The ultimate test of all software is "run it and see if it's useful for you." You do not need to be a programmer at all to be qualified to test this.
- LucaMo 2 months ago
  
  What I think people get wrong (especially non-coders) is that they believe the limitation of LLMs is to build a complex algorithm. That issue in reality was fixed a long time ago. The real issue is to build a product. Think about microservices in different projects, using APIs that are not perfectly documented or whose documentation is massive, etc.
  Honestly I don't know what commenters on hackernews are building, but a few months back I was hoping to use AI to build the interaction layer with Stripe to handle multiple products and delayed cancellations via subscription schedules. Everything is documented, the documentation is a bit scattered across pages, but the information is out there. At the time there was Opus 4.1, so I used that. It wrote 1000 lines of non-functional code with 0 reusability after several prompts. I then asked something to Chat gpt to see if it was possible without using schedules, it told me yes (even if there is not) and when I told Claude to recode it, it started coding random stuff that doesn't exist. I built everything to be functional and reusable myself, in approximately 300 lines of code.
  The above is a software engineering problem. Reimplementing a JSON parser using Opus is not fun nor useful, so that should not be used as a metric
  
  4 replies →

throw1235435 2 months ago

If that is true; then all the commentary around software people having jobs still due to "taste" and other nice words is just that. Commentary. In the end the higher level stuff still needs someone to learn it (e.g. learning ASX2 architecture, knowing what tech to work with); but it requires IMO significantly less practice then coding which in itself was a gate. The skill morphs more into a tech expert rather than a coding expert.

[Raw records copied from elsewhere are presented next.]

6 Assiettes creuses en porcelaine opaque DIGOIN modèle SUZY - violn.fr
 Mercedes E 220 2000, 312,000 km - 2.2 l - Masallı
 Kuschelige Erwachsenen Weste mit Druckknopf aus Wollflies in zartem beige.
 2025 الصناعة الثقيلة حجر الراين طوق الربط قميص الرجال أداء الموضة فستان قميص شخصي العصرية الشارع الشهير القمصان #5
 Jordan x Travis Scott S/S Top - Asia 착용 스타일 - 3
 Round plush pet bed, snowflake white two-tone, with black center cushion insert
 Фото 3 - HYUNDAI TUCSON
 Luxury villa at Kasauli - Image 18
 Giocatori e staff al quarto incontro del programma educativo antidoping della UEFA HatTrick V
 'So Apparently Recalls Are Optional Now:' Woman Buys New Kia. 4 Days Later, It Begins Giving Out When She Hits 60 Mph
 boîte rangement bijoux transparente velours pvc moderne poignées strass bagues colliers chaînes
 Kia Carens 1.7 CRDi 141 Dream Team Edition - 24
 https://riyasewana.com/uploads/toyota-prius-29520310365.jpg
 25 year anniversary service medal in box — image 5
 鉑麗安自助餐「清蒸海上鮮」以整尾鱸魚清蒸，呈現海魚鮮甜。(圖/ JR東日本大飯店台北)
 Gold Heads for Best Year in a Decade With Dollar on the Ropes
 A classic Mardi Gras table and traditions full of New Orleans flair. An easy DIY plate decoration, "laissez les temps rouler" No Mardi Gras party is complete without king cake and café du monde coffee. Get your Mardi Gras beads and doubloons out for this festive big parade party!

I'm not sure what this means for the future of SWE's though yet. I don't see higher levels of staff in big large businesses bothering to do this, and at some scale I don't see founders still wanting to manage all of these agents, and processes (got better things to do at higher levels). But I do see the barrier of learning to code gone; meaning it probably becomes just like any other job.

ModernMech 2 months ago

None of the problems you've shown there are anything close to "very complex computer engineering problems", they're more like "toy problems with widely-known solutions given to students to help them practice for when they encounter actually complex problems".

josu 1 month ago
I think you misunderstood, it's not about solving the problem, is about finding the most efficient solution. Give it a shot, and see if you can get to the top 10 on any task.
- ModernMech 1 month ago
  
  The point is these problems are well understood and solved, solving them well with AI doesn’t mean anything as you’re just reciting something that’s already been done already.

dajoh 2 months ago

>I'm currently #1 on 5 different very complex computer engineering problems

Ah yes, well known very complex computer engineering problems such as:

* Parsing JSON objects, summing a single field

* Matrix multiplication

* Parsing and evaluating integer basic arithmetic expressions

And you're telling me all you needed to do to get the best solution in the world to these problems was talk to an LLM?

josu 2 months ago

Lol, the problem is not finding a solution, the problem is solving it in the most efficient way.
If you think you can beat an LLM, the leaderboard is right there.